So when we do this type of analysis, we want to compare the shape of the graphs and ignore the constants that are specific to my machine. We are simply asking: as \(n\) becomes very very large, how do the runtime and memory requirements of the algorithm grow? We like to think of the complexity belonging to a class such as constant, linear, quadratic, cubic, logarithmic, exponential, linearithmic, factorial etc.
We write these as:
Class | Notation |
---|---|
Constant | \(O(1)\) |
Linear | \(O(n)\) |
Quadratic | \(O(n^2)\) |
Cubic | \(O(n^3)\) |
Logarithmic | \(O(log(n))\) |
Exponential | \(O(2^n)\) |
Linearithmic | \(O(nlog(n))\) |
Factorial | \(O(n!)\) |
This is called Big-Oh notation. If \(f(n) \in O(g(n))\) this means that \(g\) multiplied by a constant is an upper bound of \(f\), when \(n\) is big enough. Don’t panic. We will look at the maths formally later on once you have done a bit more work in DCS. For now just remember: if we say that an algorithm takes \(O(n)\) time, then the runtime is bounded above by a linear function.
We also have Big-\(\Omega\) (Big Omega), which means it is bounded below: if we say the algorithm takes \(\Omega(n)\) time, then the runtime is bounded below by a linear function. This means we do at least a linear amount of work. Finally, we have Big-\(\Theta\) (Big Theta), which means that it is bounded above and below. So \(\Theta(n)\) is exactly a linear function.
Don’t panic about these definitions yet. We’ll look at them carefully later on and we’ll talk about the maths when we need it. For now, we will only think about Big-Oh.
In the pow
function above, we saw that the amount of work that we did (number of operations) is a linear function of the size of the input, \(n\). We can write this in Big-Oh notation as \(O(n)\).
In the search
function above, we had a best and a worst-case. In the best case, the number we’re looking for is at the front. So in the best case, we only ever do \(1\) comparison. This means that regardless of how big \(n\) is, we always do a constant amount of work. So in the best case, search
takes \(O(1)\) time. In the worst case, when the number wasn’t there, we had to compare the search value to every number in the list. This means that we need to do \(n\) comparisons because there were \(n\) numbers. So the amount of work is linear and we can write \(O(n)\).
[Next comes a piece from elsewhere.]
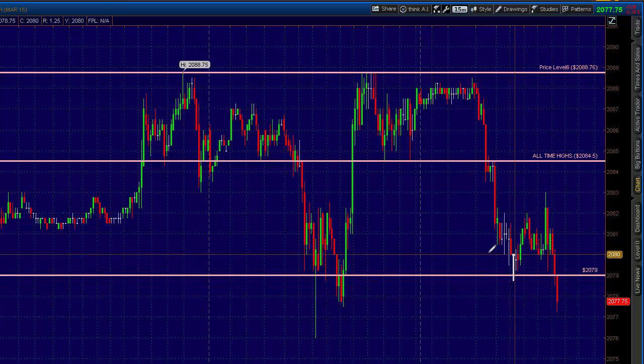You've got the weekly pivot coming in here at about 2080.30. Just tried to retake that, made a pronounced lower high at 83, and now we're trading down into the 77s.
Have a look at the graphs on Big-Oh Cheat Sheet. See how the different classes grow at different speeds as \(n\) increases. Using the graphs, try to order the classes in the table above from best to worst.
1.4 What are we ignoring?
When we say that an algorithm takes \(O(1)\) time, it means that it takes the same amount of time regardless of how big or small the input is. When we say that an algorithm takes \(O(n)\) time, it means that it takes a linear amount of time - as the input size grows, the runtime increases linearly. When we say that an algorithm takes \(O(n^2)\) time, it means that as the input size grows, the runtime grows quadratically.
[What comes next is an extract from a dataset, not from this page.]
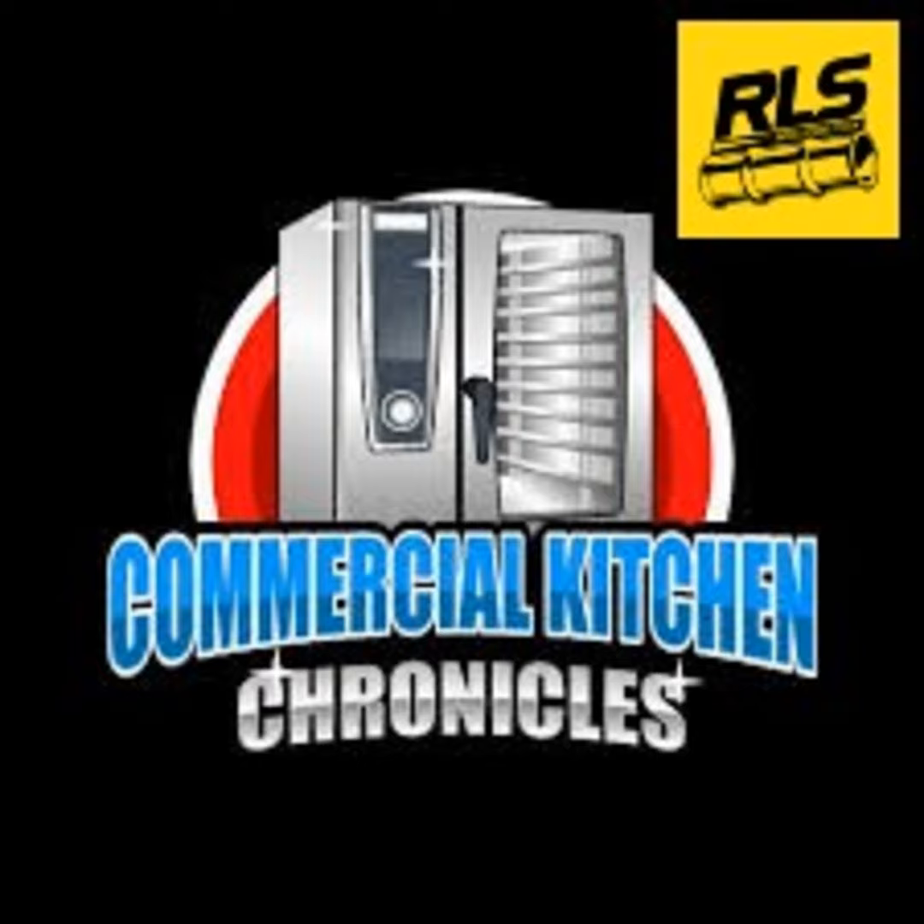What's up everybody and welcome back to another episode of the Commercial Kitchen Chronicles. I'm your host Pat Finley and tonight I have Jason Latimer and David Jones on.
These shapes and growth rates are very important when \(n\) is very large because the shape is the most important thing in telling us how well our algorithm scales to larger input. If I double the input size on a \(O(n)\) algorithm, the runtime doubles, but if I double the input size on a \(O(n^2)\) algorithm, the runtime quadruples. So we now know which algorithm is likely to work well when \(n\) gets bigger.
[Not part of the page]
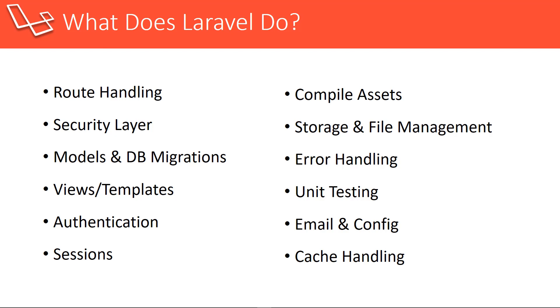Laravel also uses the Blade template engine to display views. We can extend layouts and use control structures like loops and conditionals right in the HTML. There are many different ways to implement authentication, but Laravel sets that up for us — it automatically creates migrations to create the user table, and all we have to do is run a simple Artisan command to enable authentication. Laravel can also handle sessions. The latest version, which is 5.4 and the version we'll be using, uses Laravel Mix to compile assets. I believe 5.3 used Elixir. We can easily use SASS, which is a CSS precompiler that lets us use things like variables and mixins in our CSS.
BUT… we need to be careful claiming that one algorithm is better than another. When an algorithm is \(O(1)\) it takes a constant amount of time, but that constant could be \(4\) nanoseconds or it could be \(4\) hours. When an algorithm is \(O(n)\) it takes a linear amount of time, but the linear function could be \(42n+6\) or \(42000000n+6000000\). They are both the same in terms of asymptotic complexity - but they are definitely not the same in terms of efficiency.
We are also tempted to think that a \(O(1)\) is always better than \(O(n)\). This is certainly the case when \(n\) is large enough, but the constants that are hidden inside the Big-Oh (the \(a,b,c,d,e,f...\) from the previous examples) might matter in practice. A constant time of \(4\) million seconds is almost certainly worse than \(4n\) seconds - unless we know that \(n\) is likely to be larger than \(4\) million.
Asymptotic complexity is an important tool to analyse algorithms and understand how well they scale with the size of the input, but it is not the only thing to consider and we should bear in mind that sometimes the constants do actually matter.
1.5 Abstract Data Types
A core aspect of Computer Science is abstraction. We can’t deal with all the details all of the time and so sometimes we need to think at a high level to solve a full problem, but at a low level to solve specific aspects of the problem. When reading in a collection of numbers in Python, you probably said something like myList.append(42)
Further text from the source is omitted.